■ **Data extracted from a collection**
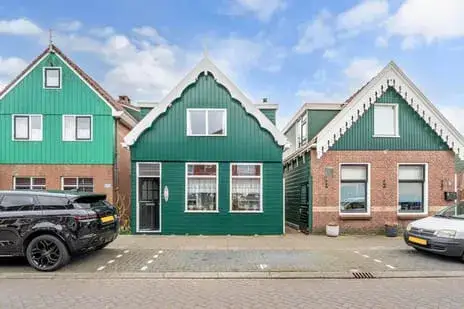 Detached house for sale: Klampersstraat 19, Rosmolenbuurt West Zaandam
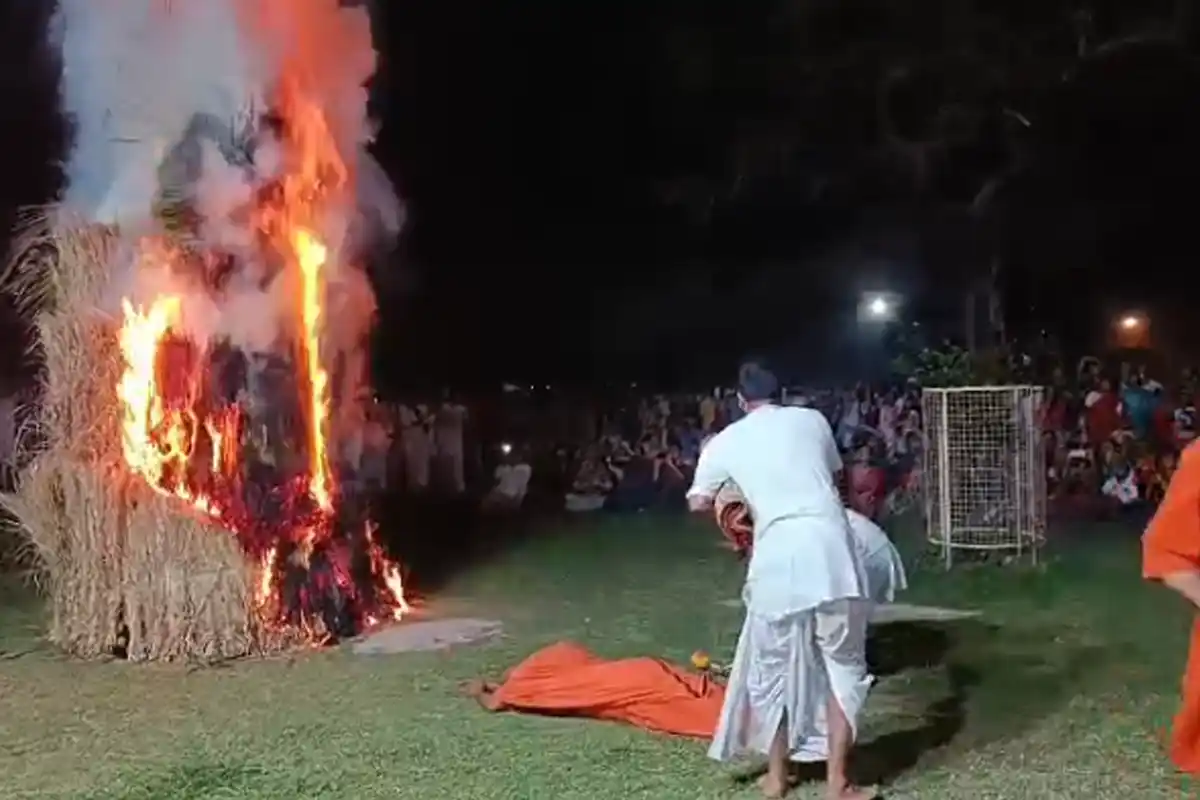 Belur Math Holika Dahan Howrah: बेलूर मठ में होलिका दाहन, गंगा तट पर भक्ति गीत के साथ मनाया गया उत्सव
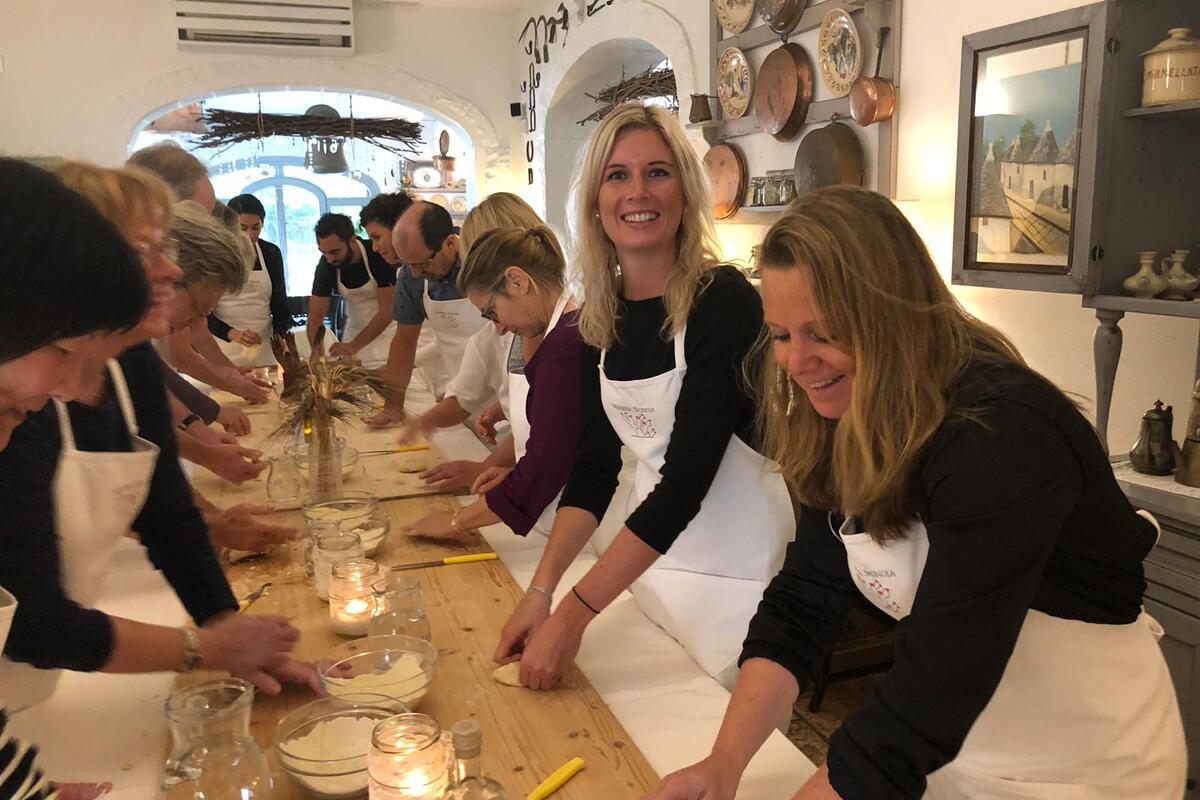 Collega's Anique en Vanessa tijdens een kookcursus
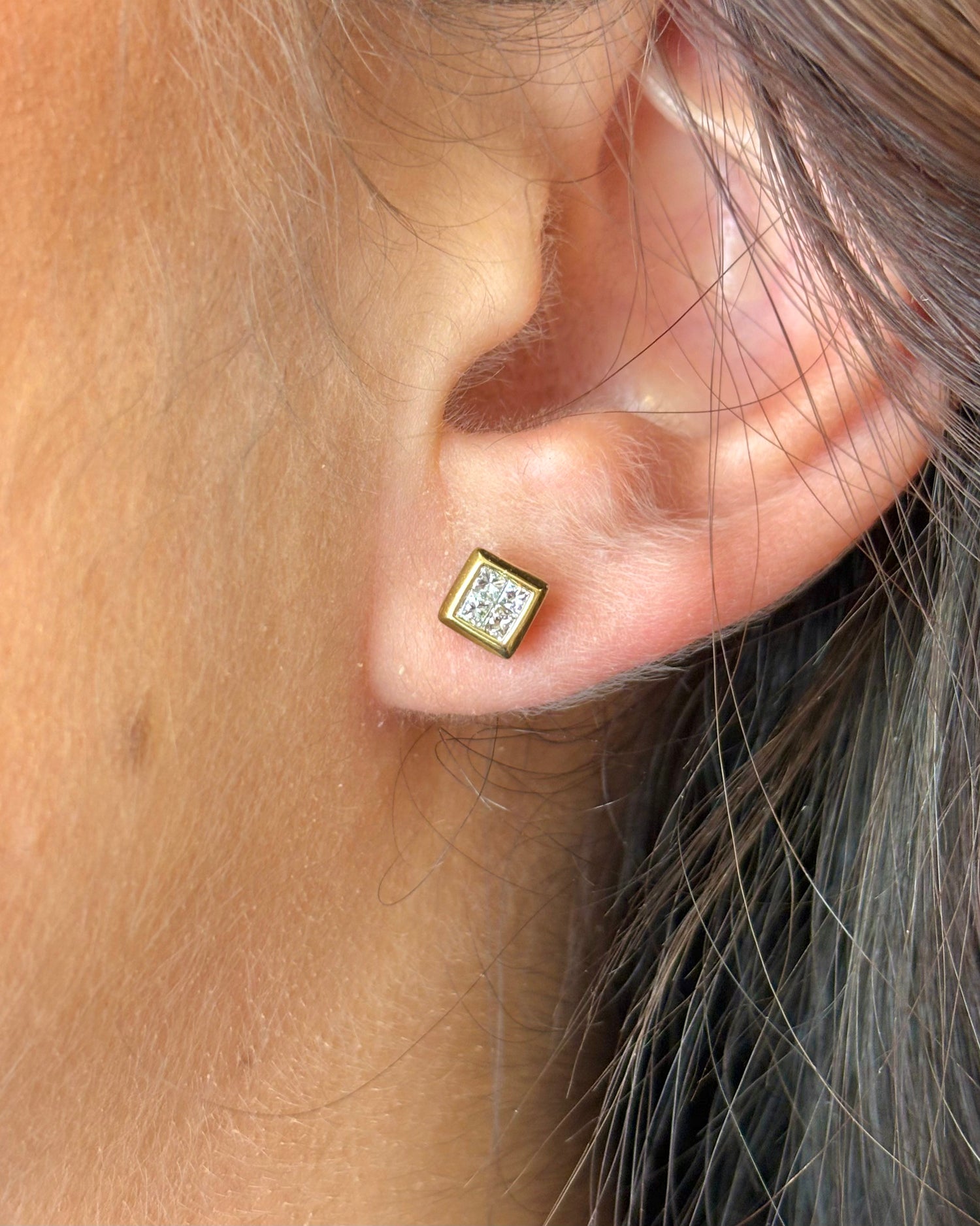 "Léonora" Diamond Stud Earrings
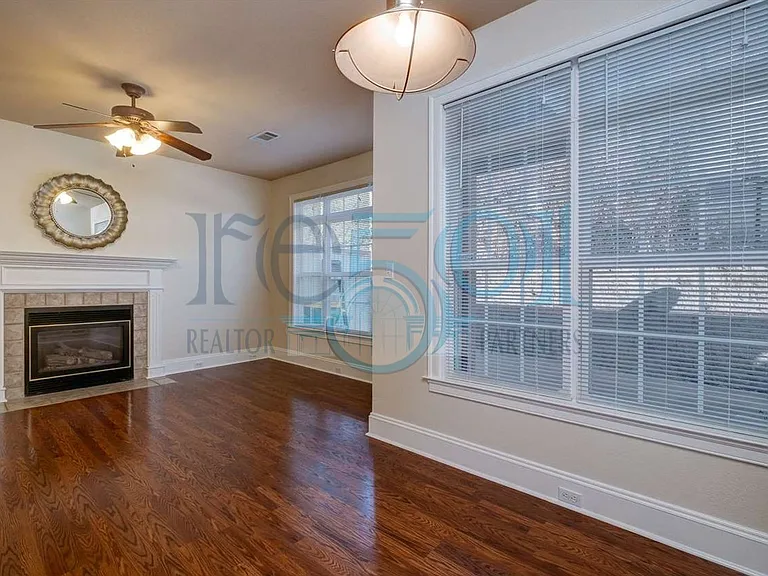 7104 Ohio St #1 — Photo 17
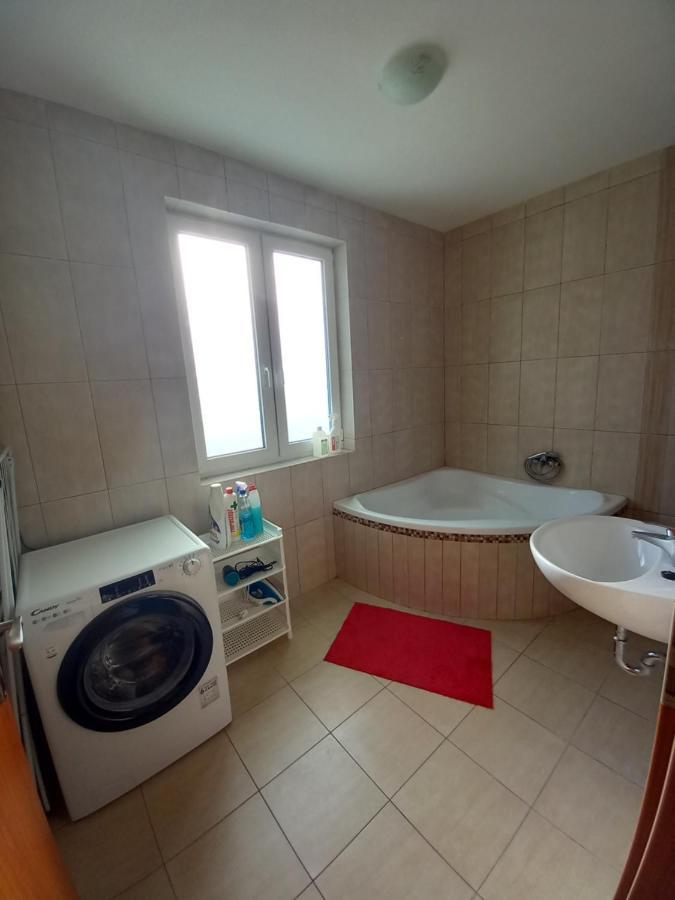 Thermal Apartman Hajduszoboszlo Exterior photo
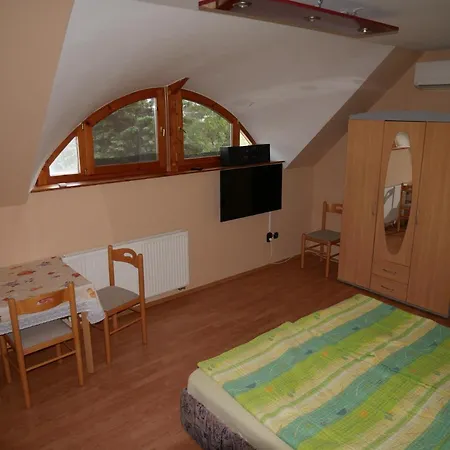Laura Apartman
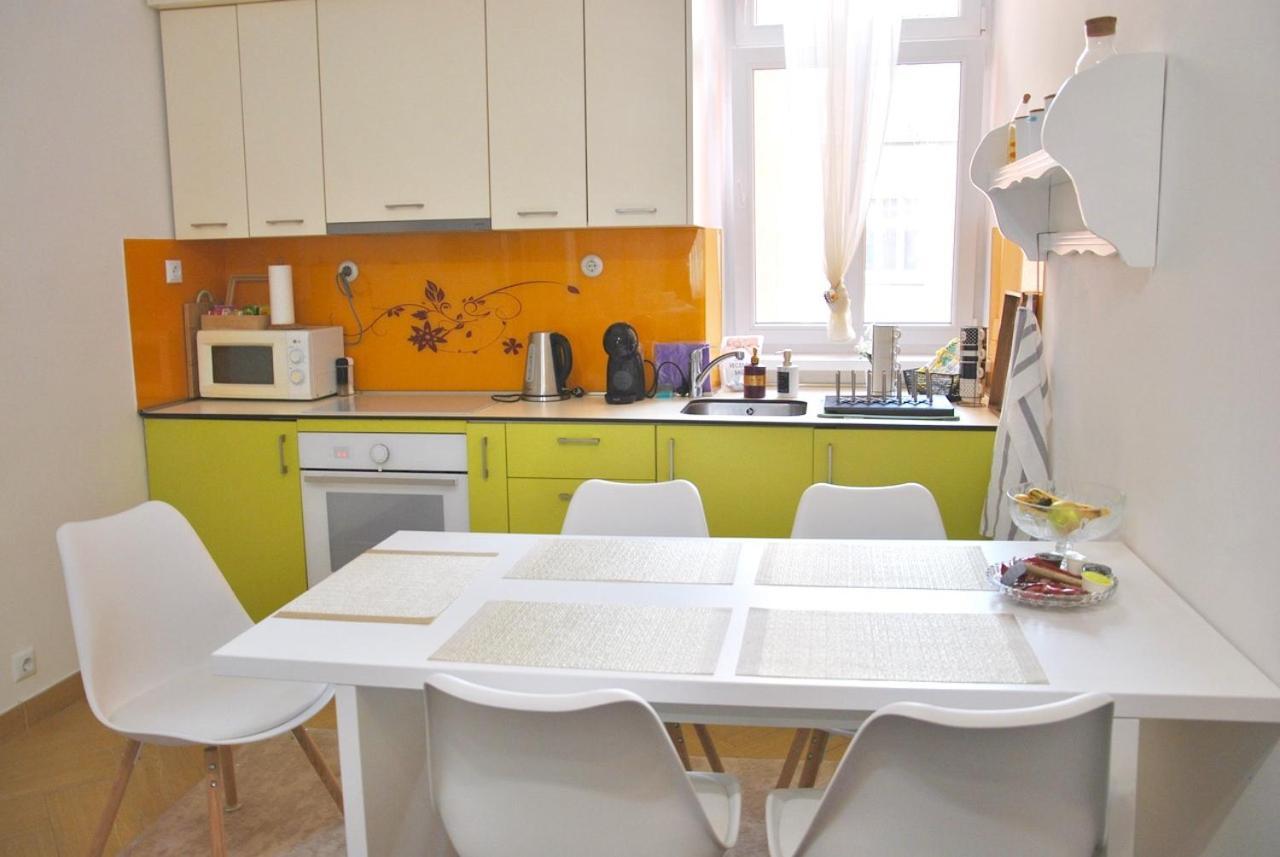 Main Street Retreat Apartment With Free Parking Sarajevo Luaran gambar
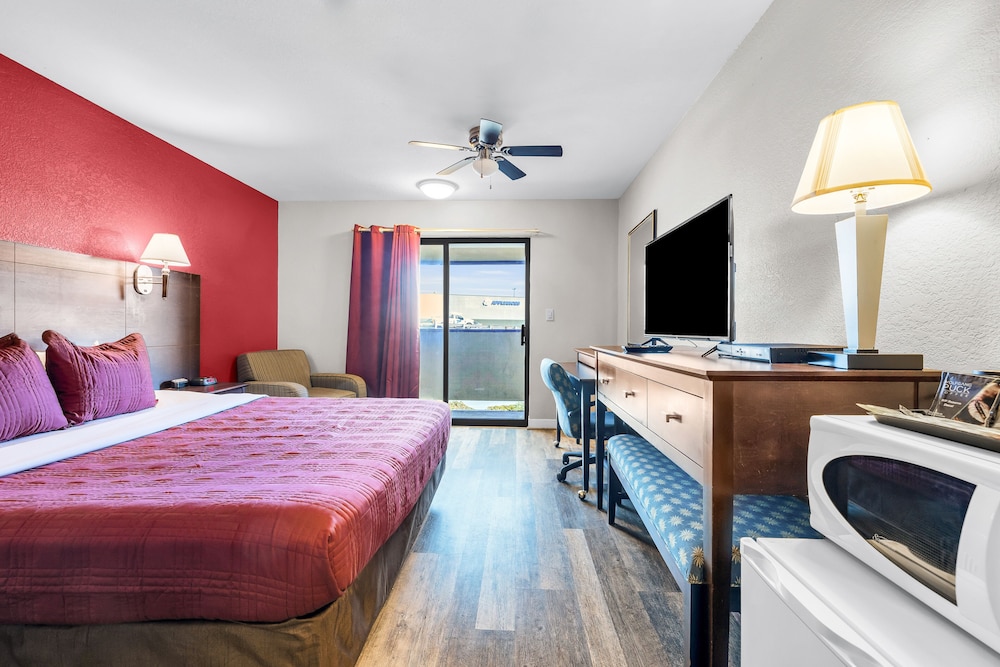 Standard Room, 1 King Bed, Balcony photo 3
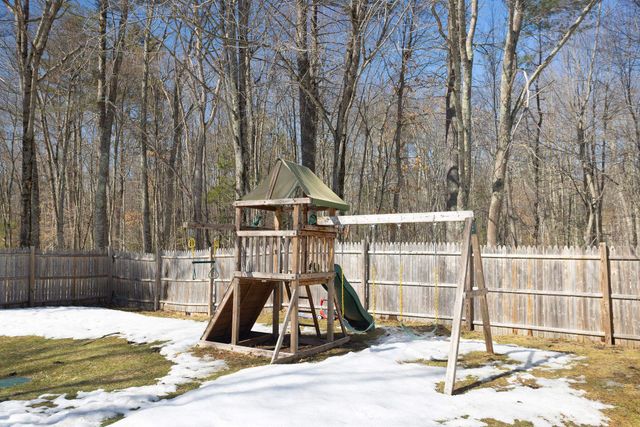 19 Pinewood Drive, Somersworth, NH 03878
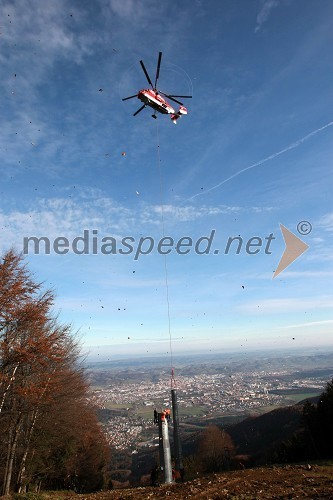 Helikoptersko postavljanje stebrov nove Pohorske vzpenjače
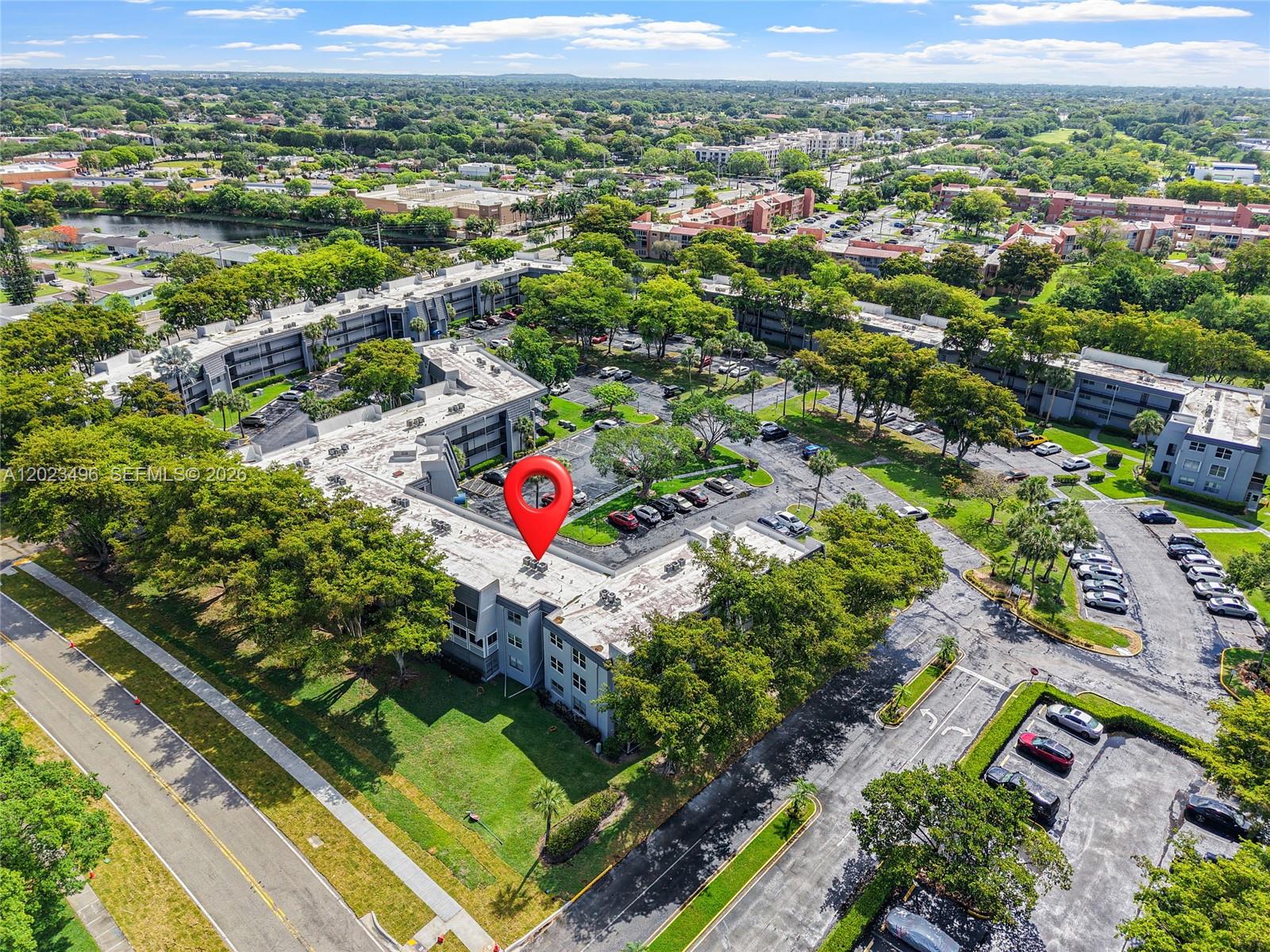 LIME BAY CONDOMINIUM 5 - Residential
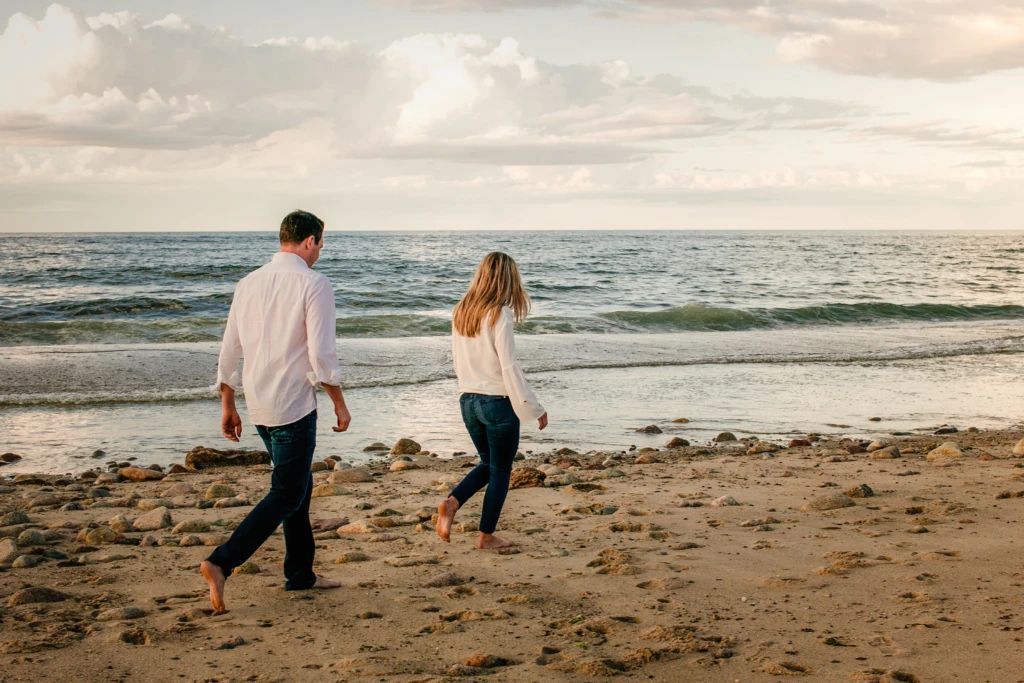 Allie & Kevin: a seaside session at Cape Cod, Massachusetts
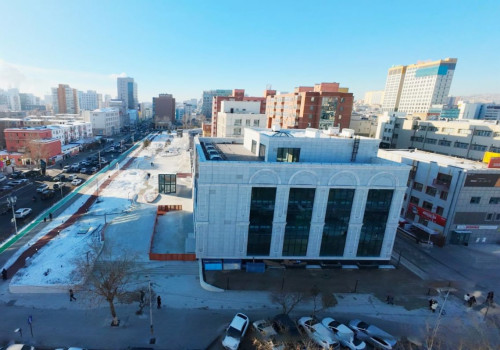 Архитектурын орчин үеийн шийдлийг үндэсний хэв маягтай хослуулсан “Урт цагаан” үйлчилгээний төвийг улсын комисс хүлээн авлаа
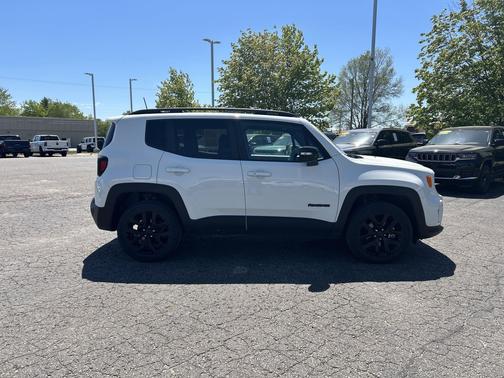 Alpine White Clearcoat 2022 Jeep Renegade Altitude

■ **Task to carry out**
Exact copy, pictures excluded: from the line with "Collega's Anique en" up to and including the line with "LIME BAY CONDOMINIUM 5 - Residential" in the data above.

■ **Written answer**
 Collega's Anique en Vanessa tijdens een kookcursus
 "Léonora" Diamond Stud Earrings
 7104 Ohio St #1 — Photo 17
 Thermal Apartman Hajduszoboszlo Exterior photo
Laura Apartman
 Main Street Retreat Apartment With Free Parking Sarajevo Luaran gambar
 Standard Room, 1 King Bed, Balcony photo 3
 19 Pinewood Drive, Somersworth, NH 03878
 Helikoptersko postavljanje stebrov nove Pohorske vzpenjače
 LIME BAY CONDOMINIUM 5 - Residential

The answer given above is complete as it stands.